Sausage Rolls: Savoury Snack With Lots of Pastry

Greggs sausage rolls
Thanks to Greggs bakery for this image. If you want a sausage roll, go to Greggs.

This unhealthy savoury recipe is a British delight—reet proper. Join us, then, as we tour through the history of this pastry dish.

It’s kind of the scotch egg of the pastry world. If that makes sense. Which it probably doesn’t.

What’s a Sausage Roll?

It’s a savoury snack feature sausage meat with pastry wrapped around it. Nutritional value zero, but comfort food at its finest.

These things are incredibly popular in the UK. We know lots of people who won’t think it an issue to stop at a shop to have a quick sausage roll snack.

At Greggs, for example (and this whole piece is king of like a free advertisement for them), they shift some 2.5 million sausage rolls a week here in Blighty.

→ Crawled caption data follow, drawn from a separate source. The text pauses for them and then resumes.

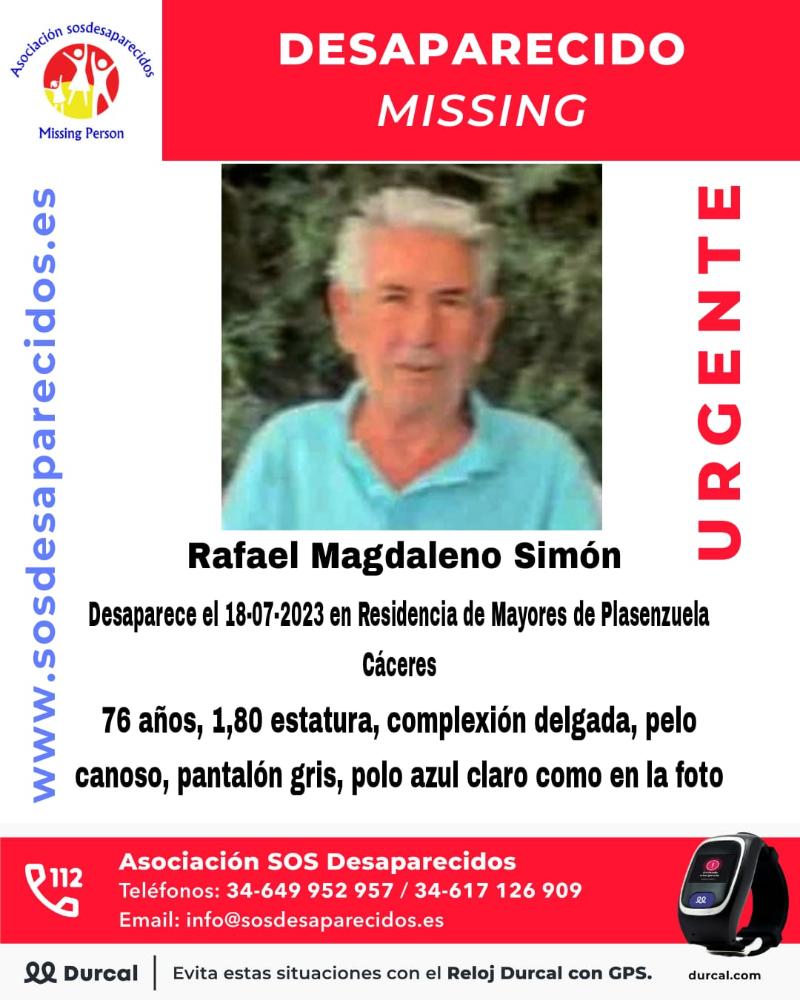 Imagen URGENTE: SE BUSCA A UN HOMBRE DESAPARECIDO EN PLASENZUELA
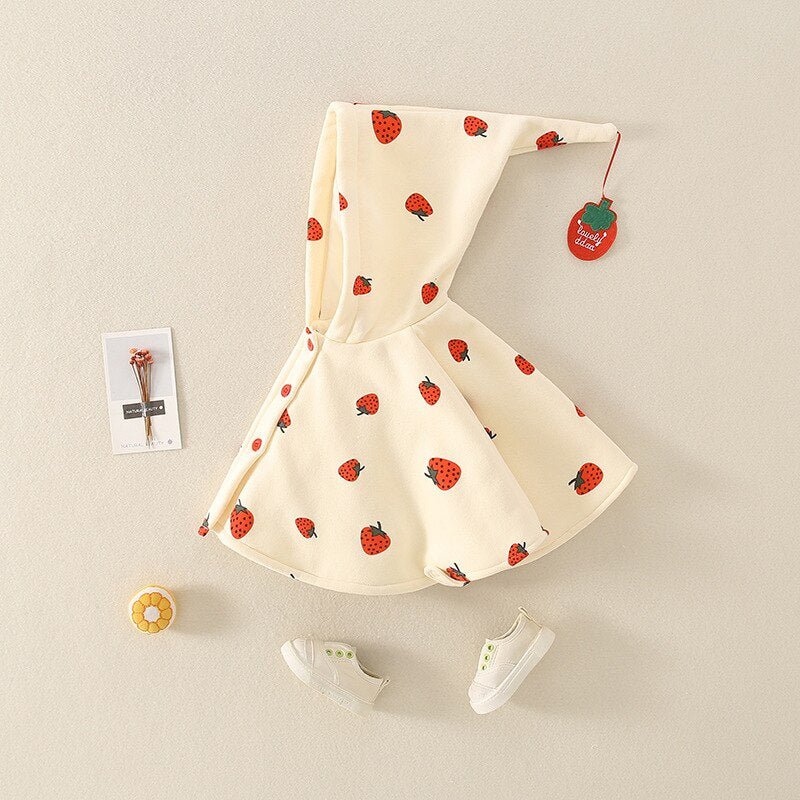 Cape Bébé Fille à Fraises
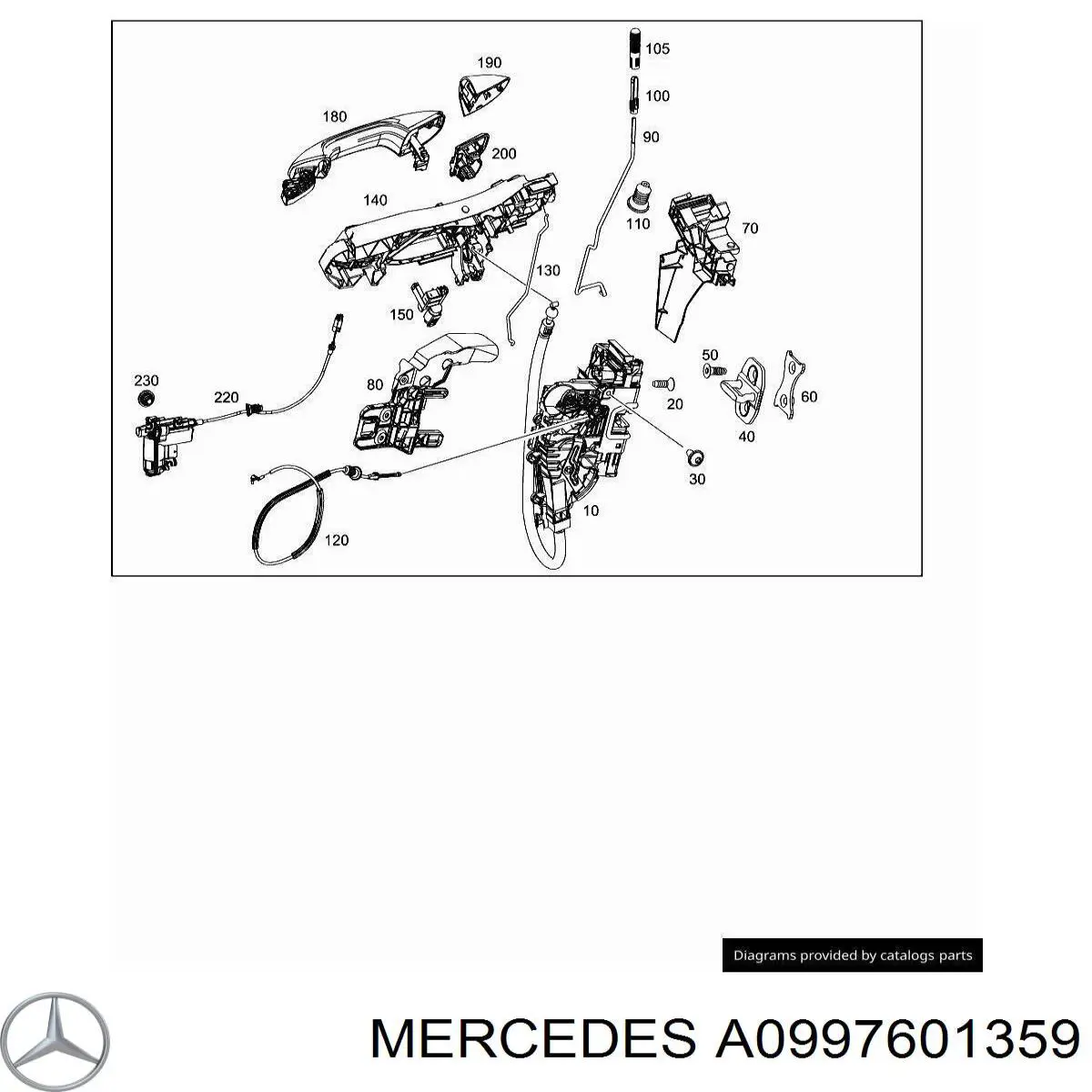 A09976013599149 Mercedes Maçaneta dianteira esquerda externa da porta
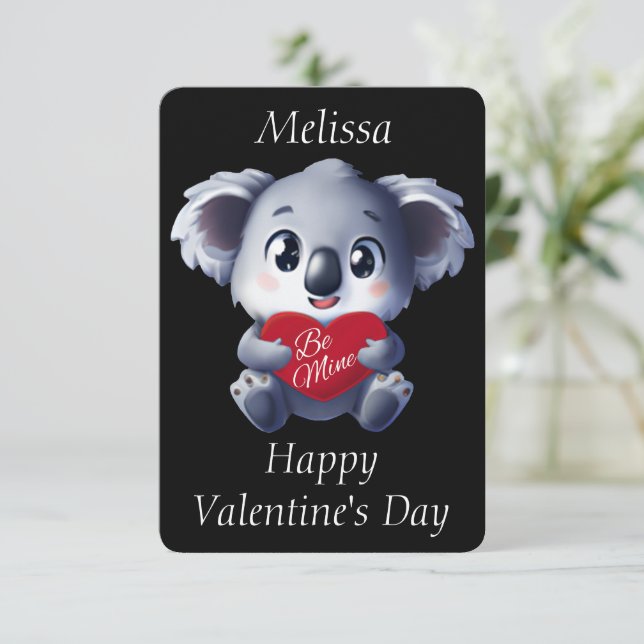 Niedliche Koala-Valentinenkarte Karte (Stehend Vorderseite)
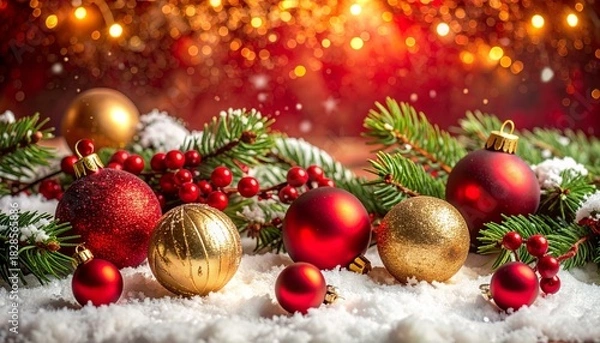 Obraz Beautiful Christmas ornaments background and pine branches dusted with snow, creating a festive and magical holiday scene illuminated by warm bokeh lights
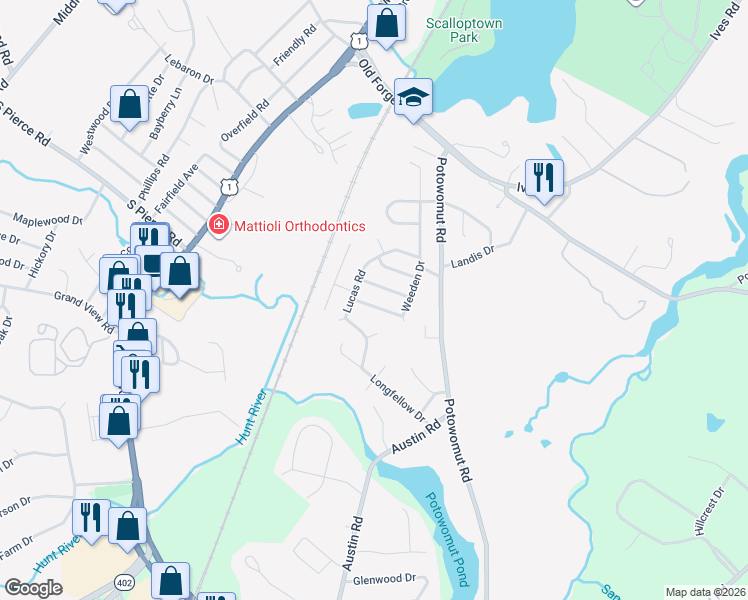 map of restaurants, bars, coffee shops, grocery stores, and more near 189 Weeden Drive in East Greenwich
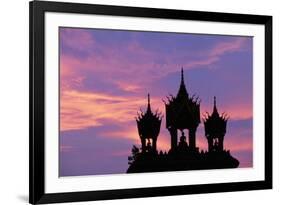 Sunset at Pha That Luang Gate in Laos-null-Framed Photographic Print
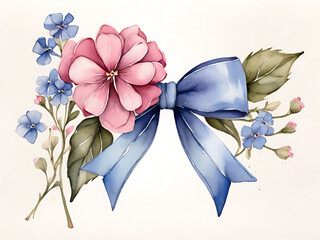 watercolor forget me not horizontal line with a pink bow, white background 
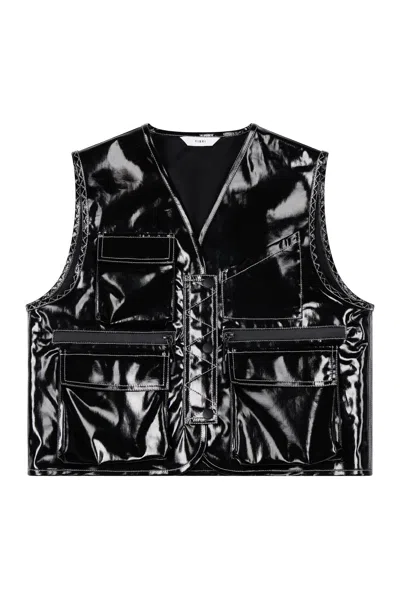 Yibri Women's Black Glossy Linen Coated Utility Vest
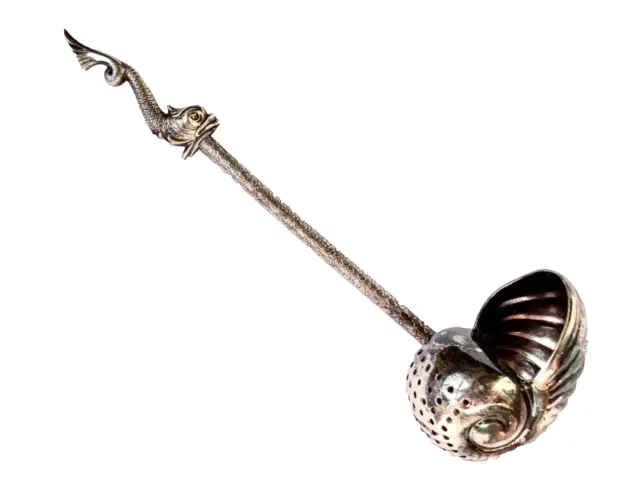 BEAUTIFUL 800 Silver Nautilus Sugar Sifter with Dolphin Stem in Buccellati Style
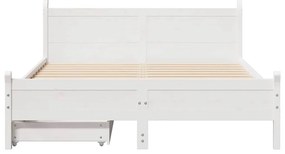 Cama sem colchão 150x200 cm madeira de pinho maciça branco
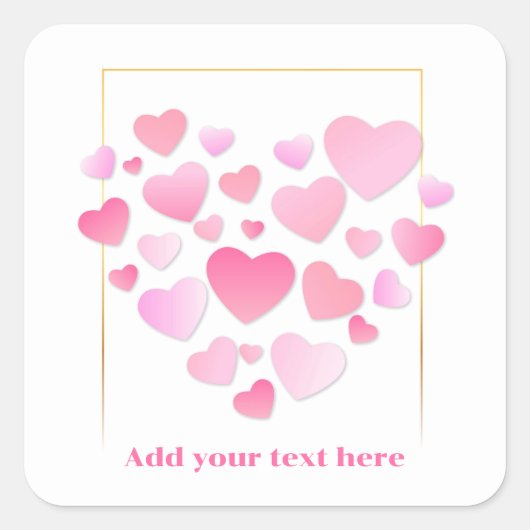Cute Style Pink Hearts Romantic Valentine's Day スクエアシール (正面)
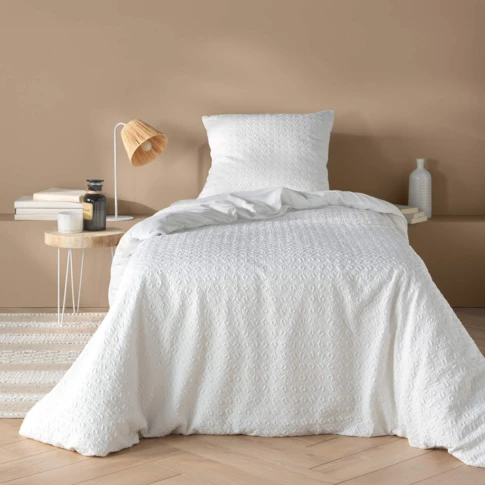 Parure de lit coton réversible imprimé gaufré 140 x 200 cm BLANC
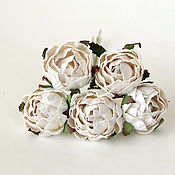 Материалы для творчества handmade. Livemaster - original item Paper flowers for scrapbooking ranunculus white, 1pc.. Handmade.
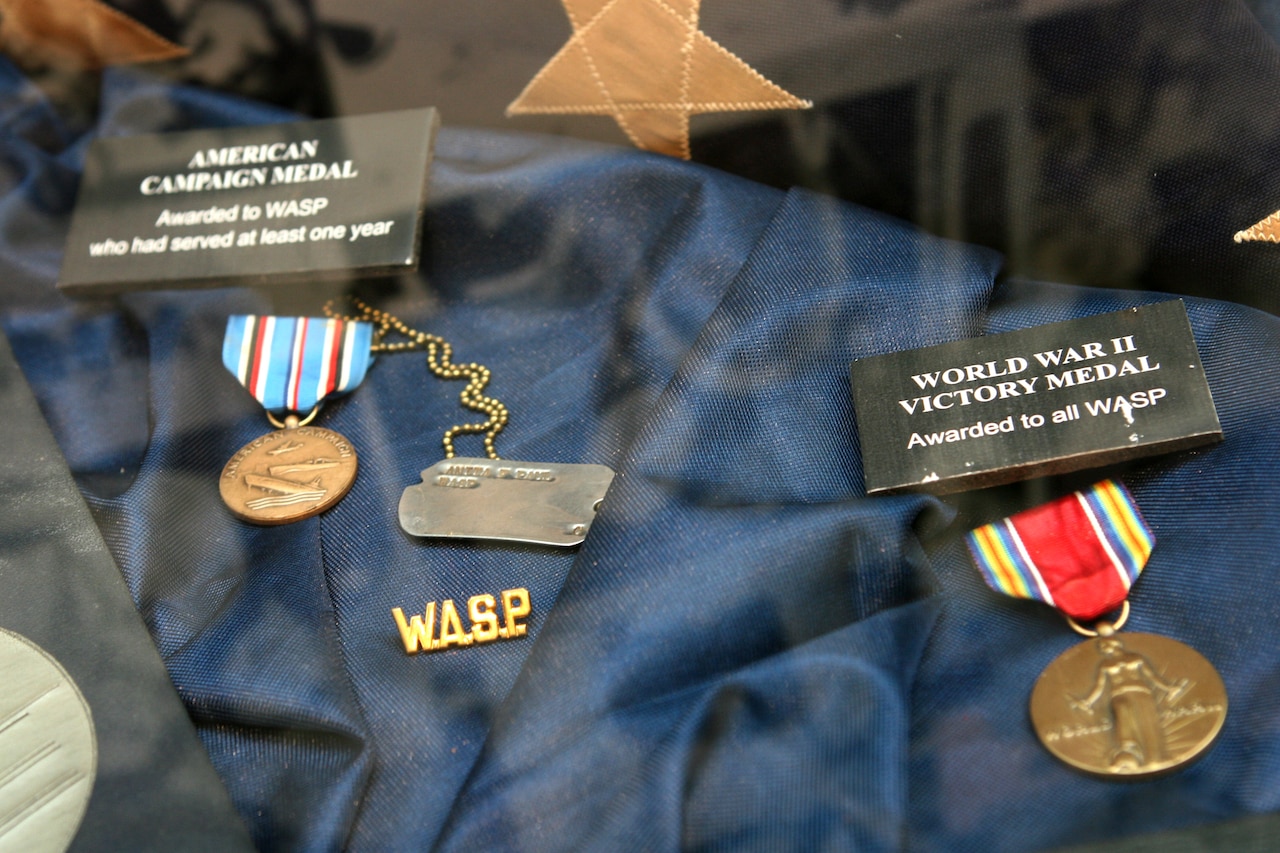 Campaign medals received by the Women Airforce Service Pilots program are displayed during the opening of the "Fly Girls of World War II" exhibit at the Women in Military Service for America Memorial in Arlington, Va., Nov. 14, 2008. Army photo by Staff Sgt. Michael J. Carden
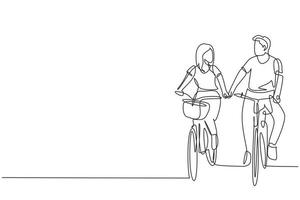 contínuo um desenho de linha casal feliz andando de bicicleta ao ar livre no verão. casal romântico de ciclismo de mãos dadas. união de jovem marido e mulher. ilustração gráfica de vetor de desenho de linha única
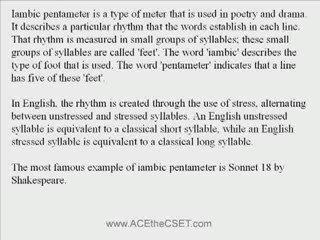 You Need To Know About Iambic Pentameter For Your CSET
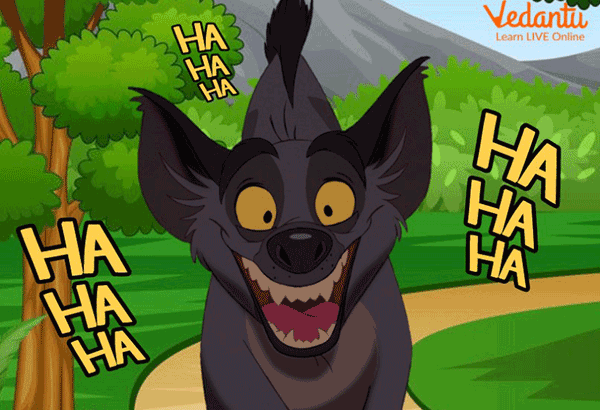 Spotty the hyena is laughing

That equals some 140 million sausage rolls a year.

Remarkable when you think about it—this thing is just a bit of sausage with pastry over it. And it rakes in the dough year in, year out.

What’s the History of Sausage Rolls?

Although it comes across as a modern convenience and fast food, the habit of wrapping foodstuffs in pastry dates back to antiquity.

Ancient Greeks and Romans got well stuck in there. Not that we’re saying they had the equivalent of a Greggs down the road, but the concept was there.

Once again for our research with a British national dish, its roots lie elsewhere. This one likely hails from France (bon!) circa 1800.

During the Napoleonic wars (check out The Duellists for some history there) the recipe seemed to hop over to England as it began appearing in London.

As the decades ticked by, us Brits adopted it as our own. It got a mention on 20th September 1809 in the Bury and Norwich Post. And there was a mentioned in The Times back in 1864.

That’s because a meat manufactured was fined under the Nuisances Removal Act (Amendment) Act 1863 (got to love those olden day health and safety measures) discovered a premises stocked with “unsound” meat.

And now it’s blossomed into a business driver.

In England, the humble sausage roll is as British as football hooliganism and getting mindlessly angry about Brexit (LEAVE MEANS LEAVE!) for no reason.

The Vegan Sausage Roll

In 2019 Greggs caused mayhem when it launched the vegan version of one of its signature dishes.

As the official site says of the vegan sausage roll:

“The most hotly debated sausage roll since, well… the sausage roll. Our new vegan friendly sausage roll has been designed to mirror some of the sausage roll’s classic features including 96 layers of light and crisp puff pastry but instead we wrap it around our own bespoke Quorn filling.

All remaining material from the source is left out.